Of course, there was no mention of how Dean was demanding audits and posing questions from the war-torn nation of Kenya, where the mayor and his family took a long-planned vacation. Initially, Desperately heard a tip that Dean was somewhere in Africa, but press secretary Janel Lacy would say only that he was out of town. Then when repeatedly pressed, Lacy belatedly conceded a few days later he was in Kenya, where he had to switch hotels to be safe from the turmoil.
“During his trip, he has been in contact with the deputy mayor, Greg Hinote, and Sue Cain, the law director, basically every day through email,” she assured us.
Well, a later review of Dean’s correspondence shows that he sent an email to his aides within days of the commission break-in. It reads, “testing. Just landed in Kenya.” After that, Dean didn’t send a single note to his staff on the matter. In fairness, it’s probably difficult to secure Internet access as a civil war suddenly rages in front of you, and Dean’s staff was briefing him on how they were handling the burgeoning crisis.
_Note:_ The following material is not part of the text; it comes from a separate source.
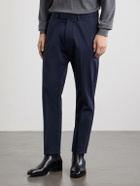 TOM FORD - Tapered Cotton-Blend Twill Trousers - Blue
Still, when pressed about the discrepancy between her original statements to us and, well, the facts, Lacy now explains that Dean kept in touch with his staff with a satellite phone he borrowed from his tour guide. Imagine Dean dodging sniper fire and peering at black-maned lions from his safari while managing a dicey controversy thousands of miles away in Nashville? Or picture the local press woefully missing the real story. Which prospect sounds more reasonable?